### Data provided ###

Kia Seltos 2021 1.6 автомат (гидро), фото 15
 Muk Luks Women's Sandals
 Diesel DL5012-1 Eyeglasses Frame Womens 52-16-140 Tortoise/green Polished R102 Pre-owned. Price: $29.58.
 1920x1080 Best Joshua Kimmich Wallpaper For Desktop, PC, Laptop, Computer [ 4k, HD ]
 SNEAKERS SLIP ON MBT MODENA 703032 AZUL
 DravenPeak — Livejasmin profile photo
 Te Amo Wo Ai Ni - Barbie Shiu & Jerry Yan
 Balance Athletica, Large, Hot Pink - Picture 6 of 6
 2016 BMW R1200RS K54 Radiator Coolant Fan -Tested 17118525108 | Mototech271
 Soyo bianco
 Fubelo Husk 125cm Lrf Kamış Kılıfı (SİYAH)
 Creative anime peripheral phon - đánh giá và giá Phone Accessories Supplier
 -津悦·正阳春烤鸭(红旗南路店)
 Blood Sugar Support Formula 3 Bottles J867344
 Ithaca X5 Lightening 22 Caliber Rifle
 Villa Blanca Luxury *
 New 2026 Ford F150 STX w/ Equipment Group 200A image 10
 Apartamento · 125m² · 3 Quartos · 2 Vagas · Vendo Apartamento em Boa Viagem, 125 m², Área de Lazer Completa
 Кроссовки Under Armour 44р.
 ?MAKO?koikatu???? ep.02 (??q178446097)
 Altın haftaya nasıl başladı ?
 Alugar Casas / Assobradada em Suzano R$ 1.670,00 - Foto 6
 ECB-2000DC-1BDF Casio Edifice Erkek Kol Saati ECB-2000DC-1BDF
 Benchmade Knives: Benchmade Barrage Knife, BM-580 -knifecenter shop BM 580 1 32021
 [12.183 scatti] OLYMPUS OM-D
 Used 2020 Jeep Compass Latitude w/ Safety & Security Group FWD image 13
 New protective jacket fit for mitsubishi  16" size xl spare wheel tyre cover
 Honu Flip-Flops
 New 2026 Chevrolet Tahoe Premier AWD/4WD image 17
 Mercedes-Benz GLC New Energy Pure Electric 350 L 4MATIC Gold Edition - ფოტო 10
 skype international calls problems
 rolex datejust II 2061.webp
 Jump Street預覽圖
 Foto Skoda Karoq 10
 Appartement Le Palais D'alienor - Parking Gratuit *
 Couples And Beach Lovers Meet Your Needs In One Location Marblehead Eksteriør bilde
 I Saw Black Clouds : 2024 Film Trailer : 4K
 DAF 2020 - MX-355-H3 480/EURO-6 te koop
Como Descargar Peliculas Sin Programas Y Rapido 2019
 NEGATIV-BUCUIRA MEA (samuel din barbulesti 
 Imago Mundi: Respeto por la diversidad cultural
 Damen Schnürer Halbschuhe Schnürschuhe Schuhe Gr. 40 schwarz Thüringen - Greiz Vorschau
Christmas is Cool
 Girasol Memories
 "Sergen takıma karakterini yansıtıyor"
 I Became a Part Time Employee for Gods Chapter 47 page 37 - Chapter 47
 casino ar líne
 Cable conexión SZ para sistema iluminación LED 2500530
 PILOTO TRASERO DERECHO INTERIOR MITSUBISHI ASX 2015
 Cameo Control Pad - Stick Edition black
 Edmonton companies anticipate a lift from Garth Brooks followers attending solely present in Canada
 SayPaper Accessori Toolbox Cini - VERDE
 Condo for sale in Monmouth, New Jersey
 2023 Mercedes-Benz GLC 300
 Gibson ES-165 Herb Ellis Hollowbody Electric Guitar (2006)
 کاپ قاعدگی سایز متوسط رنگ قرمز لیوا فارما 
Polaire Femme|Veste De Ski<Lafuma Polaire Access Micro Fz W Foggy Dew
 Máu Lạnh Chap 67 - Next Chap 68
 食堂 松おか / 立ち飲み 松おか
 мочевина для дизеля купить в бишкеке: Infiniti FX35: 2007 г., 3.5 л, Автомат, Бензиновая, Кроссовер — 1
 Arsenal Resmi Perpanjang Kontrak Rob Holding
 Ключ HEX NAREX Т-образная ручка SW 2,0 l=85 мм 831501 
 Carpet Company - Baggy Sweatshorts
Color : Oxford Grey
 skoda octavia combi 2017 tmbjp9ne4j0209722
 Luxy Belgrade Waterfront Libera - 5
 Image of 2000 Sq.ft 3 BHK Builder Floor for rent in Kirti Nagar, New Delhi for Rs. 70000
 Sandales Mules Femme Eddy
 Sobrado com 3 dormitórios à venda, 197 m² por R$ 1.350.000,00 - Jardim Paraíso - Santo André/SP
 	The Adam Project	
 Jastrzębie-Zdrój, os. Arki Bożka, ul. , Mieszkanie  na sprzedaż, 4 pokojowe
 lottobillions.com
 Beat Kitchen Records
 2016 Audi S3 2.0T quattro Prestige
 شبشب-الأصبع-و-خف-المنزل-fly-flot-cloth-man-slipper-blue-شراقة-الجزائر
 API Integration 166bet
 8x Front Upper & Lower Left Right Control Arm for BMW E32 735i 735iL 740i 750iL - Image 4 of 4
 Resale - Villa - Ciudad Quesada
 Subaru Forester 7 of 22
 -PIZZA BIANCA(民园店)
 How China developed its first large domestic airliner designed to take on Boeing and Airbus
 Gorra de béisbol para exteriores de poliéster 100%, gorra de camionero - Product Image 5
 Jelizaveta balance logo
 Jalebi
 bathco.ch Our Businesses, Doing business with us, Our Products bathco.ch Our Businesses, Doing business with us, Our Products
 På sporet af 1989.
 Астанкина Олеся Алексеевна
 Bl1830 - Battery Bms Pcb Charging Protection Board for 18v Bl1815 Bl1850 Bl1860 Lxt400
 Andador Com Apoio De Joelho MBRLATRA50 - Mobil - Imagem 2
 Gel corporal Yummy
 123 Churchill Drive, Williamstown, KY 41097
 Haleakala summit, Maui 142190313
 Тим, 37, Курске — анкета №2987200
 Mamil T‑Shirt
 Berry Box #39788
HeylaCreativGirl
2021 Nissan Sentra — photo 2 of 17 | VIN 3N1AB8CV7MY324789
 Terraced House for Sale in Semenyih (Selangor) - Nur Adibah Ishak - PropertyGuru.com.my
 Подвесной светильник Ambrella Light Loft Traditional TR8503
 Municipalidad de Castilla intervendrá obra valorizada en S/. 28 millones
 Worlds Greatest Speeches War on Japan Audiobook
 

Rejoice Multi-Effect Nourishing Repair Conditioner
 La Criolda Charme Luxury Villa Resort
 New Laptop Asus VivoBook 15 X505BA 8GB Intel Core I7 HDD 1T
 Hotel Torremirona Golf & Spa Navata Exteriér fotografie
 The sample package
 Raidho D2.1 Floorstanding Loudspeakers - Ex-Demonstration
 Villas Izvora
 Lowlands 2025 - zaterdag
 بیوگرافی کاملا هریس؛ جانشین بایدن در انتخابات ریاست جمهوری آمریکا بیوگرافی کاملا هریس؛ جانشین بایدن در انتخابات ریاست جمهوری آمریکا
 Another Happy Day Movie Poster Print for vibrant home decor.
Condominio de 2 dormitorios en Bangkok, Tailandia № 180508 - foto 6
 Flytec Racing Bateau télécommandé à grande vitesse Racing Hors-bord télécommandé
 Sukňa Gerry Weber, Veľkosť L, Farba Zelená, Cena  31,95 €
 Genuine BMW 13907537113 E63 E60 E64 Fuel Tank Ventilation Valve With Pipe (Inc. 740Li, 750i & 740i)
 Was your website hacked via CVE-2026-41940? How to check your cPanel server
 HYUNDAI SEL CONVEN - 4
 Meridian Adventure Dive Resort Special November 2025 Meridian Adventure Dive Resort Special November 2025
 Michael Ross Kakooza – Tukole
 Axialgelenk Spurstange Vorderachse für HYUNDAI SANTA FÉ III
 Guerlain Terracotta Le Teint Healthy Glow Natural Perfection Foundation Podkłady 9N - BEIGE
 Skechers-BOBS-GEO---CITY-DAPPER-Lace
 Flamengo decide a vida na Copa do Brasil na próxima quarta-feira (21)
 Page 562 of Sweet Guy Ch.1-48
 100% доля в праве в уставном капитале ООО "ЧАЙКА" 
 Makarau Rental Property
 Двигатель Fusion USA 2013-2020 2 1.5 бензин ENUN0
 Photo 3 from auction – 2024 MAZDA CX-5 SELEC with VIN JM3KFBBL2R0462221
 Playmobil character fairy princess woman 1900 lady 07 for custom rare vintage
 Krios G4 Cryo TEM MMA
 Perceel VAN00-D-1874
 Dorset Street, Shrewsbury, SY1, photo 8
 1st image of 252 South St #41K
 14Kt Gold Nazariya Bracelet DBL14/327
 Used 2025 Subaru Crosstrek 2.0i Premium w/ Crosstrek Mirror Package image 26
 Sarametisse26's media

###

What is expected:
Reproduce verbatim the lines above, from the line with "جمهوری آمریکا بیوگرافی" through the line with "HYUNDAI SEL CONVEN - 4".

Written response:
 بیوگرافی کاملا هریس؛ جانشین بایدن در انتخابات ریاست جمهوری آمریکا بیوگرافی کاملا هریس؛ جانشین بایدن در انتخابات ریاست جمهوری آمریکا
 Another Happy Day Movie Poster Print for vibrant home decor.
Condominio de 2 dormitorios en Bangkok, Tailandia № 180508 - foto 6
 Flytec Racing Bateau télécommandé à grande vitesse Racing Hors-bord télécommandé
 Sukňa Gerry Weber, Veľkosť L, Farba Zelená, Cena  31,95 €
 Genuine BMW 13907537113 E63 E60 E64 Fuel Tank Ventilation Valve With Pipe (Inc. 740Li, 750i & 740i)
 Was your website hacked via CVE-2026-41940? How to check your cPanel server
 HYUNDAI SEL CONVEN - 4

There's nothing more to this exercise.